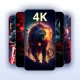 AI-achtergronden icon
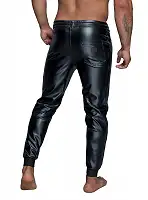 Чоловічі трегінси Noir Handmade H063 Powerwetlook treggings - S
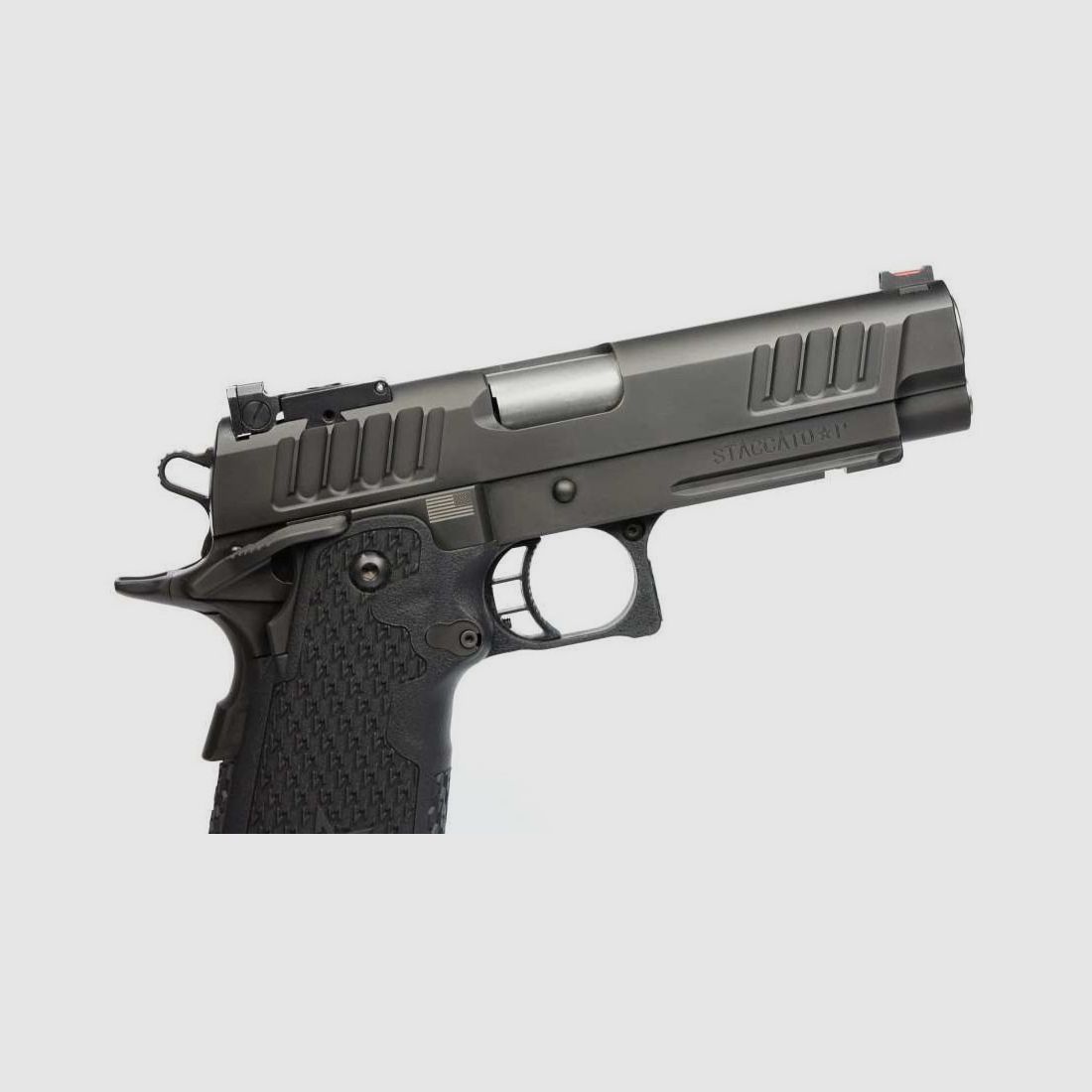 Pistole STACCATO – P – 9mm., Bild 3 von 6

● ● ● ● ●

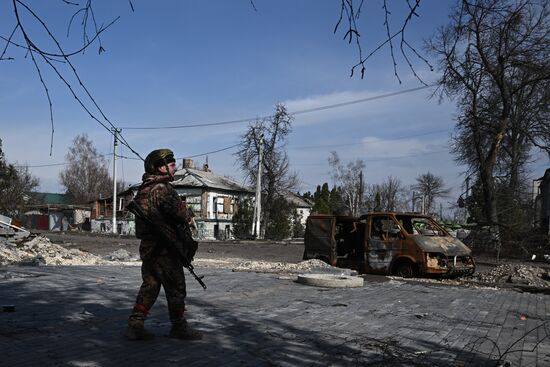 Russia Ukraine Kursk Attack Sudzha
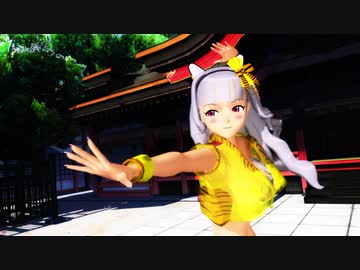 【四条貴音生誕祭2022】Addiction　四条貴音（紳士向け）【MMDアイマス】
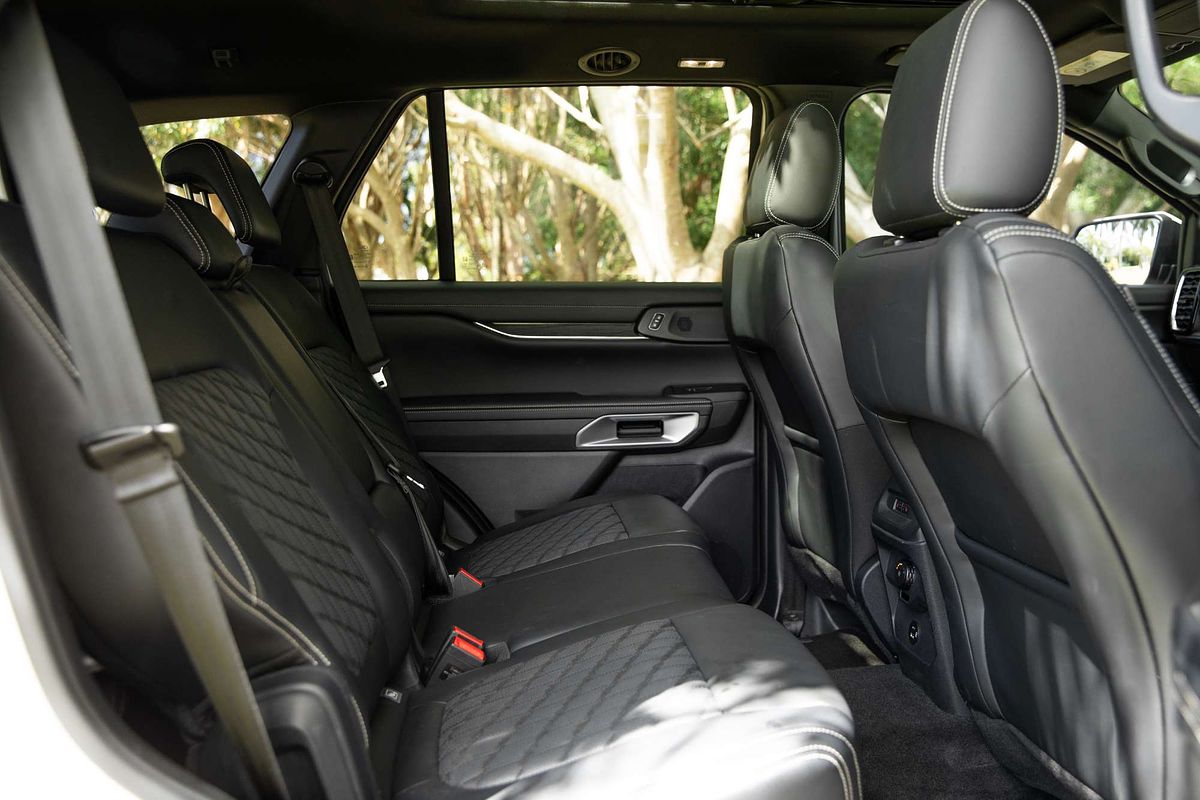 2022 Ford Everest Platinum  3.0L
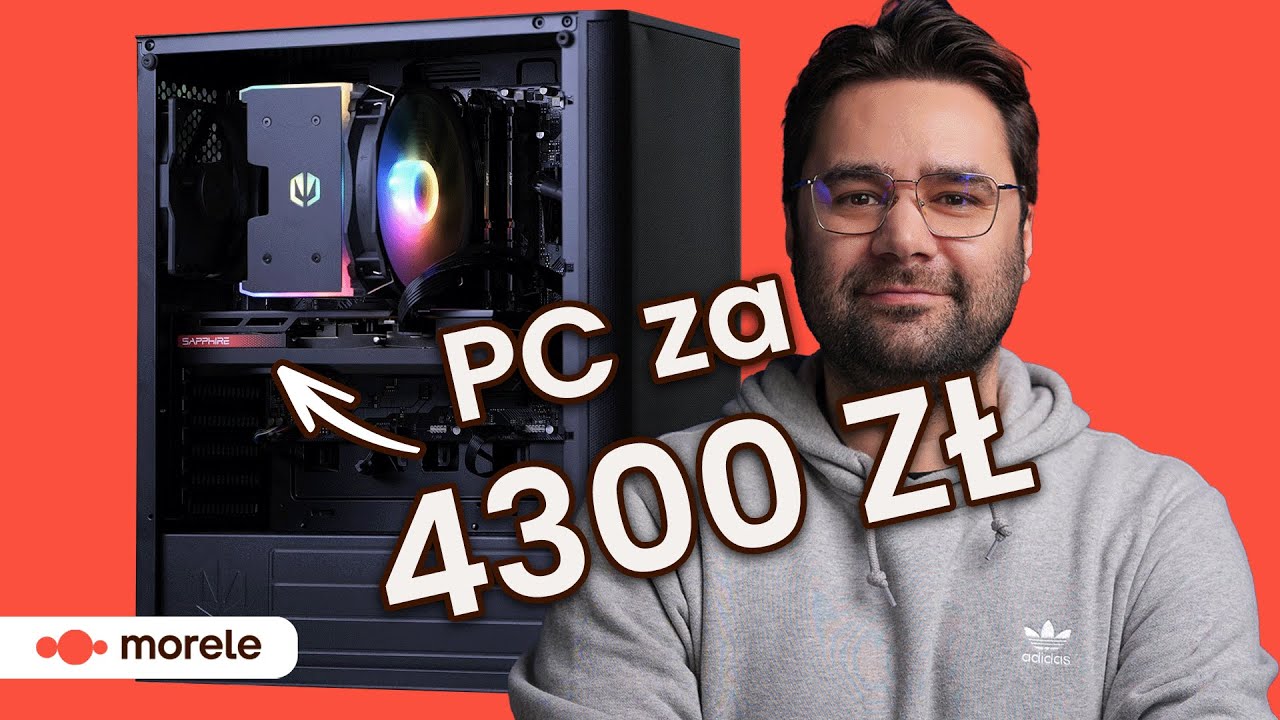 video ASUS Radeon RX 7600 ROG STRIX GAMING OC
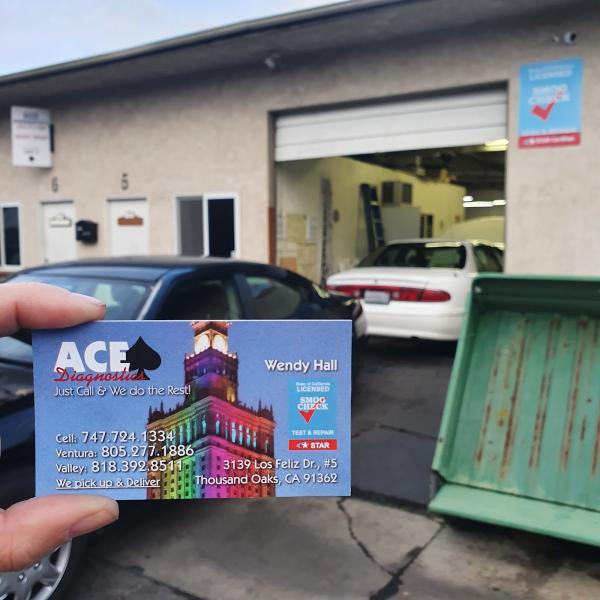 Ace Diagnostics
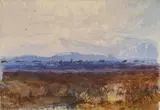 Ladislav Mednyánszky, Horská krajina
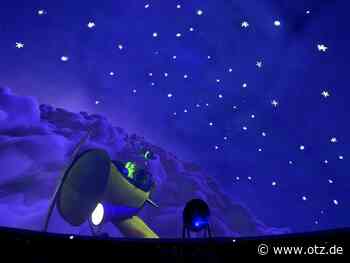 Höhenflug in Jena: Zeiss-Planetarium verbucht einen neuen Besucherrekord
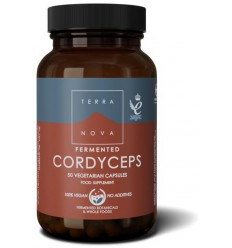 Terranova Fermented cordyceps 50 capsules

● ● ● ● ●

_Try it_
Print everything from the line with "Чоловічі трегінси Noir" down to the line with "Pistole STACCATO – P – 9mm., Bild 3 von 6" in the entries above, both lines included and nothing more, without the pictures.

_Output below_
 Чоловічі трегінси Noir Handmade H063 Powerwetlook treggings - S
 Pistole STACCATO – P – 9mm., Bild 3 von 6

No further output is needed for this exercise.